Quindi oggi non scrivo una recensione, ma racconto la storia di un libro di Erri De Luca. Si intitola Pianoterra e raccoglie scritti eterogenei accomunati da un unico punto di vista.
“Pianoterra è il mio punto di vista sul mondo, uno fra gli altri che non chiede permesso per vedere più da vicino e che non può sollevarsi più in alto della punta delle proprie scarpe. E’ una mezza enciclica rivolta a una stanza di amici che mi ospitano tra loro come un nonno randagio”.
Così scriveva De Luca nella prima edizione, tredici anni fa. Ma andiamo per ordine. Questo libro è nato da un viaggio. Un viaggio in Bosnia. Anzi, da un soggiorno in Bosnia.
Erano gli anni ’90 e la guerra ritornava in Europa dopo una lunga assenza. Erri De Luca, quarantenne, parte insieme ai volontari. Lavora in un cantiere dedicando uno o due giorni della settimana ai viaggi.
Da questa esperienza, “la cosa migliore che ho potuto fare nei mie quarant’anni” (p.7), De Luca trova spunto per una serie di scritti che vengono pubblicati con scadenza quindicinale sul supplemento letterario di Avvenire. Nel ’95 la casa editrice Quodlibet decide di raccogliere i pezzi pubblicati in un libro, Pianoterra, appunto.
Passano gli anni e questo libro scompare. Fuori catalogo. Introvabile.
Quest’anno è arrivata una nuova edizione.

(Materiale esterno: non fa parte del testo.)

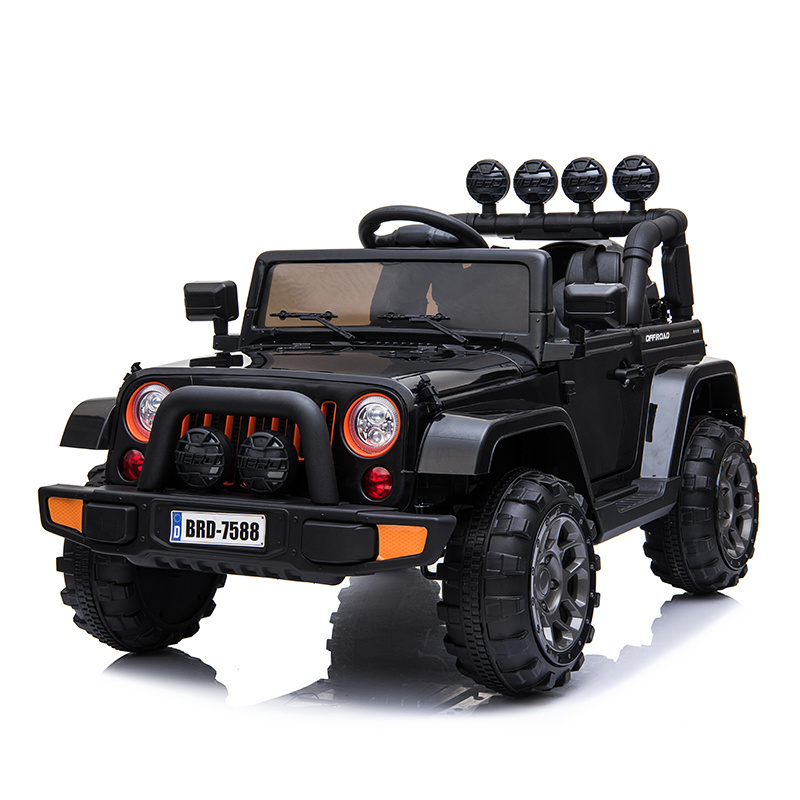 12V Ride On Truck, Kids Electric Car Toys with Parent Remote Control, Battery Powered, LED Lights, MP3 Player BR588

Non una semplice ristampa, ma un libro nuovo. Erri De Luca ha “levato un po’ di storie di viaggi nella Bosnia in guerra” per sostituirle “con scritture più recenti. Il titolo e il punto di vista restano “pianoterra”. E’ spunto di marciapiede, sbirciata non panoramica sul mondo” (p.7).
Anche la prosa poetica di De Luca resta la stessa. Racconta i suoi ricordi. Narra le sue esperienze. Svela i suoi pensieri. Insegna al lettore tutto ciò che ha compreso nel corso della sua vita.
Se leggi De Luca impari da lui. Magari non a scrivere come lui, ma di certo impari a scoprire “l’infinita precisione delle esperienze, [...] la potenza definitiva di una frase”. Impari “a salvare dal macero i dettagli” (p.41).
Erri De Luca, Pianoterra, Nottetempo edizioni (12 €).